Black and White Wonderland

December 18, 2022 by Denise Brake 3 Comments

“If one more person says ‘Winter Wonderland’….” and he trailed off to silence. I knew the frustration he was feeling—we had been through this for years. I am that person who happily calls this snowy scenario a ‘Winter Wonderland.’ But this was the third day in a row of substantial snow, ice, and sometimes rain—as beautiful as it was, it was also extremely messy and difficult to ‘remove’ from all the places that need to be cleared on a college campus. The snow was heavy, laden with moisture as temperatures hovered for days and nights around the freezing mark. Chris gets up long before the five o’clock hour in order to be on the road—sometimes plunging through unplowed snow, other times following snow plows—to get to work. Then he bundles up to get in the snow removal machine and begins to clear the sidewalks. He and his two full-time workers have a carefully planned ‘execution map’ of their routes. The student workers are taking their finals or have already left for home, so the hand-shoveling gets pushed back on the to-do list. Sometimes the equipment breaks down, and sometimes people all over campus are emailing him to tell him about slippery spots. Welcome to Winter.

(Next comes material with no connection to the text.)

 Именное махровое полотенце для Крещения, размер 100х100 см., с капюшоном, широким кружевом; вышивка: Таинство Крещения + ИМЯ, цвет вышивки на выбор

Before I worked on our own long driveway of snow removal, I walked out into the black and white Winter Wonderland world. The sky was dark gray and large crystalline flakes fell slowly and softly on the already heavily–flocked trees. It was so incredibly silent. And it felt good—we hardly notice how we are inundated with noise for most of our waking hours and for the toll it takes on our nervous system. Silence is a gift from Mother Nature. But in the midst of the snowing Winter Wonderland was the reality of a black and white world—black tree trunks and branches covered in white snow, black evergreen trees wearing coats of white, the gray sky and white ground.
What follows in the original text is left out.